More than once, I’ve seen a forum post about Moz/Coqui where a voice actor replies, “Why would anyone do this?!” not realizing that the call for help is directed at regular people, speaking normally, not at voice actors enunciating.
Now, if you wanted to create a specific voice, you’d obviously need someone who could make those sounds. But is that the same goal? You could make the trade worthwhile if you could pay the voice actor a whole bunch of money, including royalties, for a voice pack you then sell along. But that’s a product, not a hobby, and certainly not a community service.
tl;dr forget about voice actors it’s the wrong solution
I dunno, the actor I found on Fiverr didn’t seem to care what I was going to use it for, even after I explicitly told her I was interested in creating a virtual assistant voice. To her, it’s just words that she licenses for commercial use. Which, as far as I can tell, is about all the licensing you’d need…there’s no ongoing licensing agreement unless they ask for it after having been informed what you’re using it for. I very much doubt the voice actor who did Siri gets a kickback every time I summon her on my phone.
But I see what you’re saying. I’m more interested in creating a specific kind of voice. It doesn’t need to be a clone of an actor, though the uber nerd in me certainly wouldn’t mind. As long as it’s got the sort of neutral intonation that I’m looking for, I’ll be alright. I gravitated to voice actors because: 1) I can choose the voice 2) They sell saying things into microphones for a living.
But, if a VA is the wrong place to look…to whom else does one turn?
You probably want to look for voice-over/dubbing speaker. I guess most “voice artists” can offer a neutral voice style as well.
Surely there must be someone out there who has the right combination of vocal factors and has had a dream since childhood to be turned into the voice of an open-source digital assistant project.
 And I will find them!
So you need a person like me (with more vocal talent) and in your language (or a talented female version of me) .

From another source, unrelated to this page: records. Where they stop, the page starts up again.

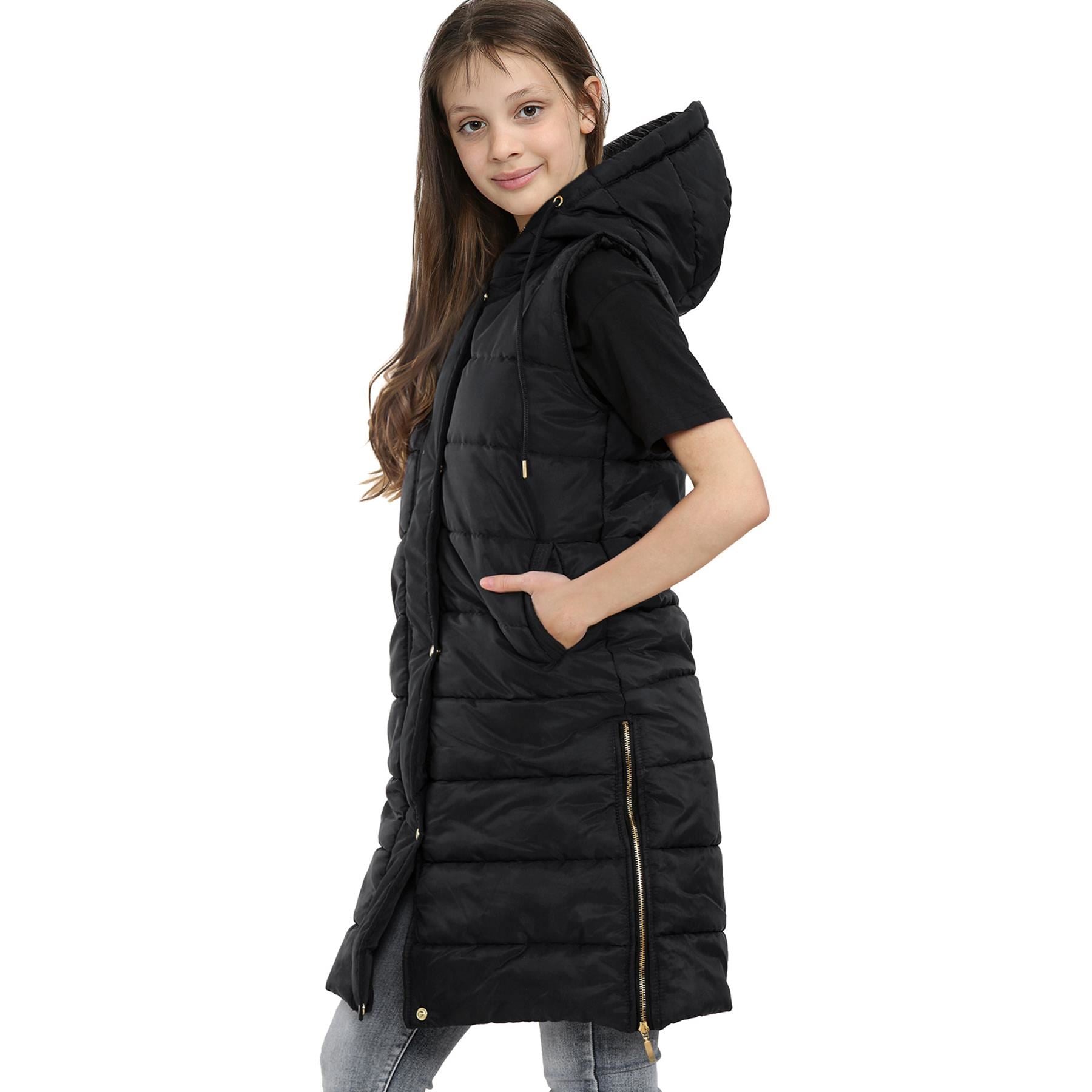 Girls Oversized Black Gilet Long Line Jacket Coat - Kids Clothing Store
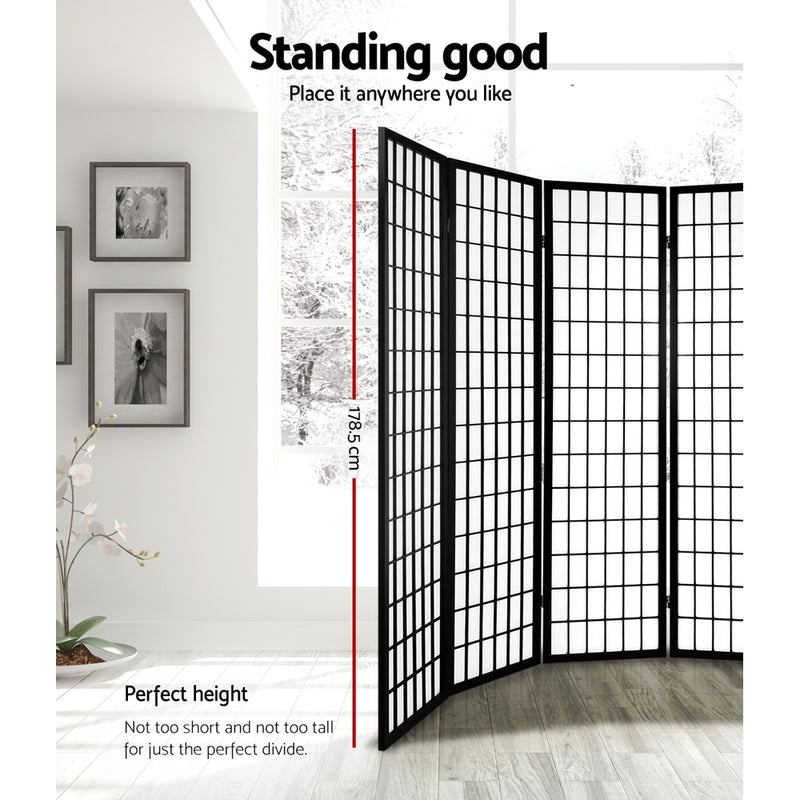 Artiss 8 Panel Room Divider Privacy Screen Dividers Stand Oriental Vintage Black - Sale Now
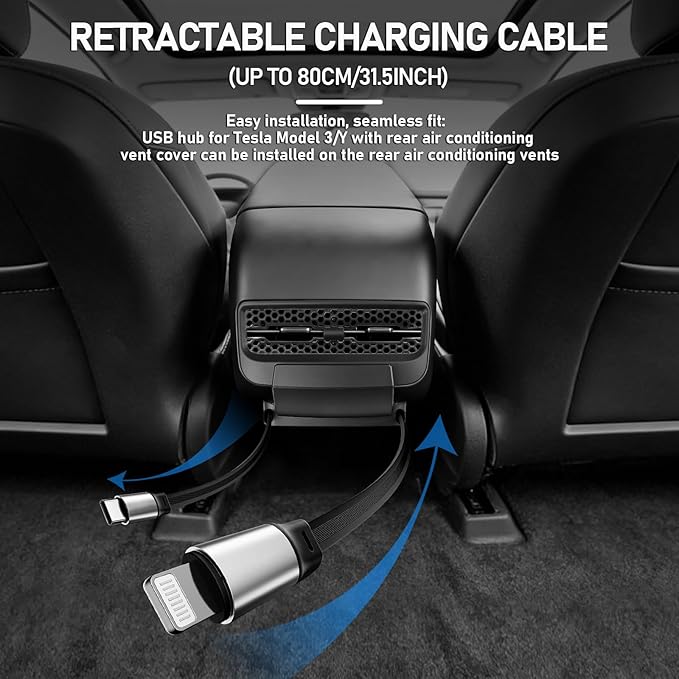 Rear USB Charger Hub for Tesla Model Y 2021-2024 Accessories- 4-Port Fast Charging Hub with Sliding Cover, Type-C+Lightning Docking Station for Tesla Model 3 Highland 2021-2023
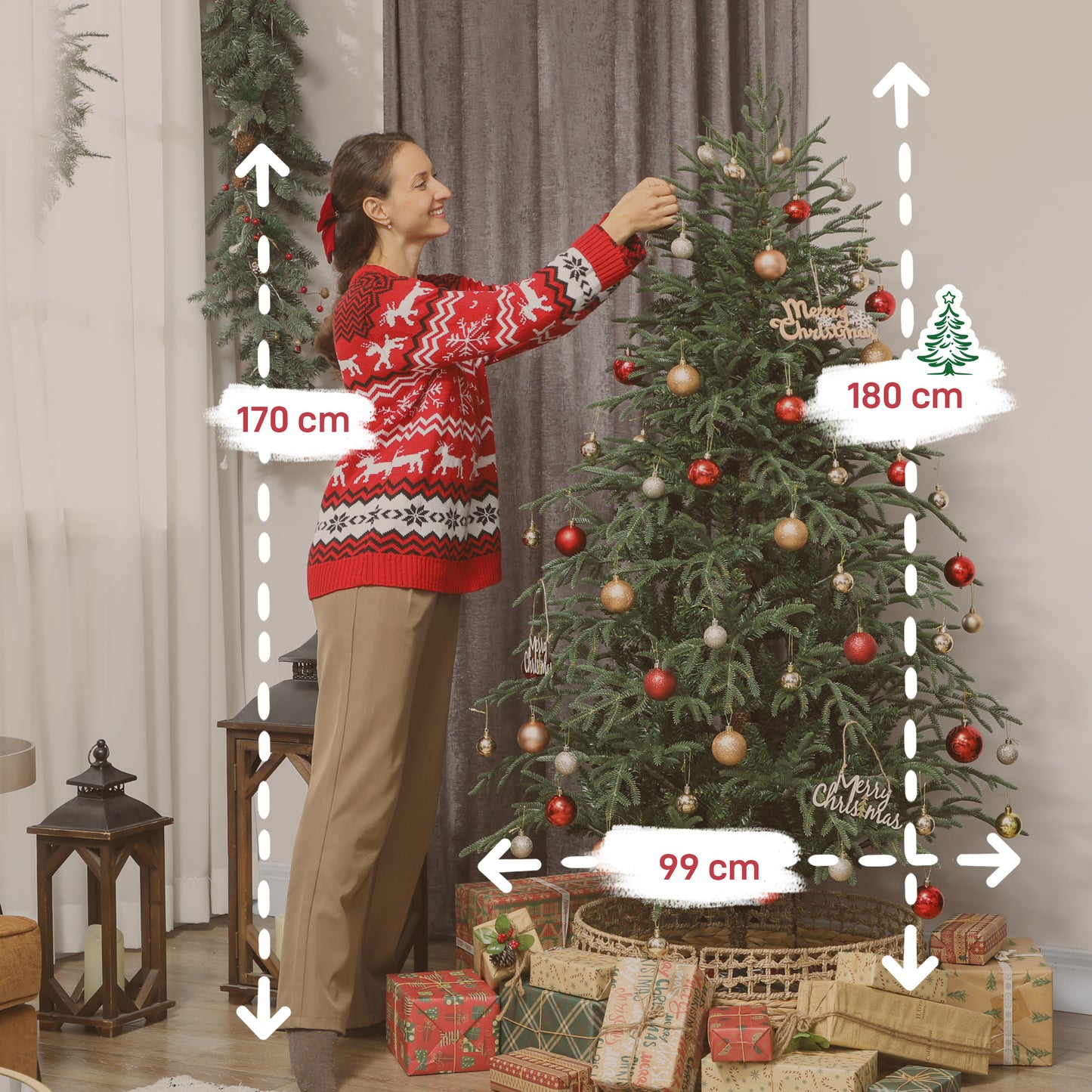 6 ft Full Spruce Christmas Tree with Realistic Dense Tips, Easy Assembly - Green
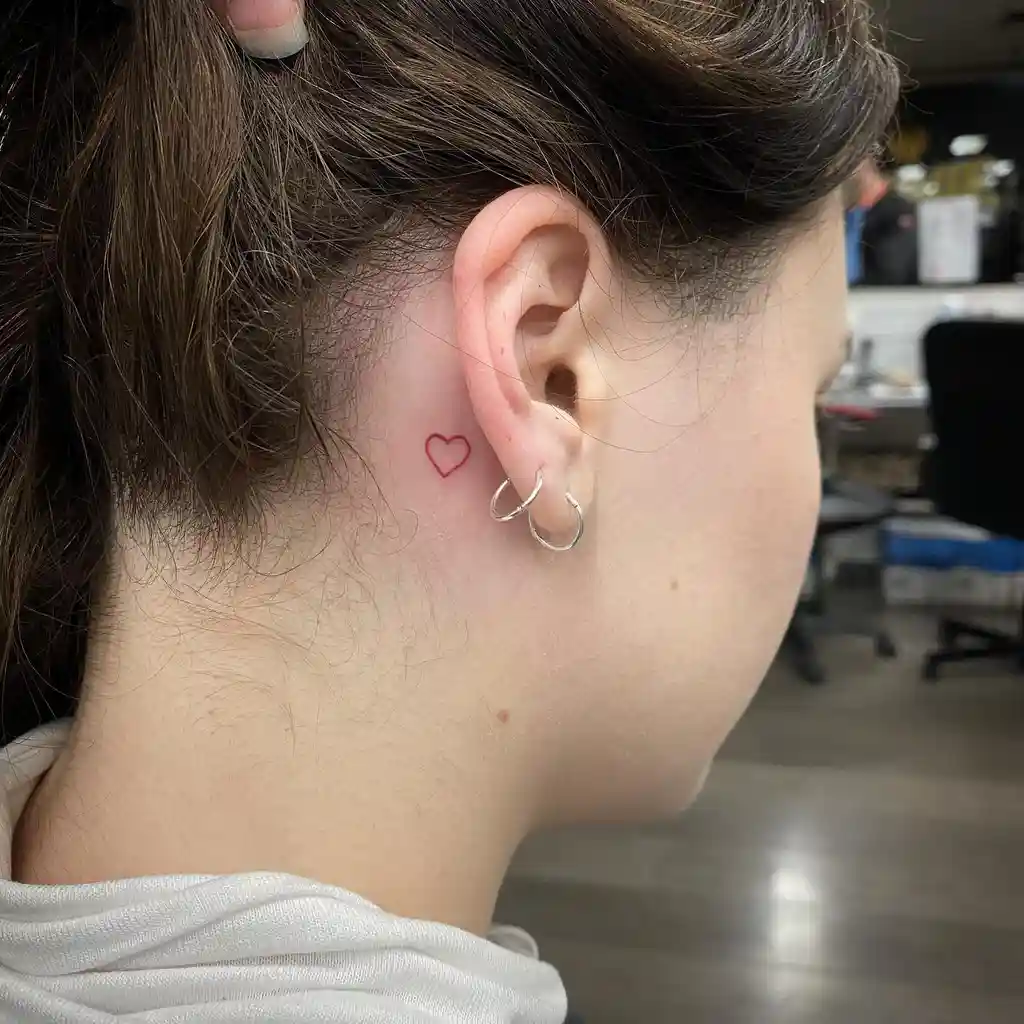 Red Heart Outline Behind Ear Tattoos for Women
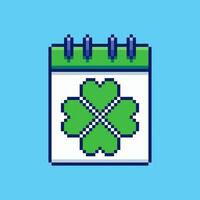 Pixel art St Patrick Day Calendar game asset design vector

As you mentioned the Harvard sentences you want to use your assistant in english, or?
What about LJSpeech dataset?
I feel bad because we’re doing a good job derailing OP’s thread. Sorry, OP!
I’m a bit of a…nerd. There’s lots of ways I could get lots of “just fine” voices. But I have sort of a nostalgia thing going for the voice of Majel-Barret Roddenberry, who played the voice of the computer on Star Trek. I know…I know. There are so many more important things I could be doing with my life.
See, if I were an eccentric billionaire this would be no problem. Alas.
On a slightly different note about intent…a good digital assistant voice has some features that I want. A deliberately neutral intonation - a sort of “informational” tone. I don’t know how better to describe it. Neither too high nor too low - right in the middle in terms of pitch. I think those things will require training a model from scratch with the right “voice talent”, wherever I can find that.
I found really useful what you guys were discussing
of course not. xtts v2 is out and both open source, and quite good. Use that instead of whatever this guy’s trying to shill for.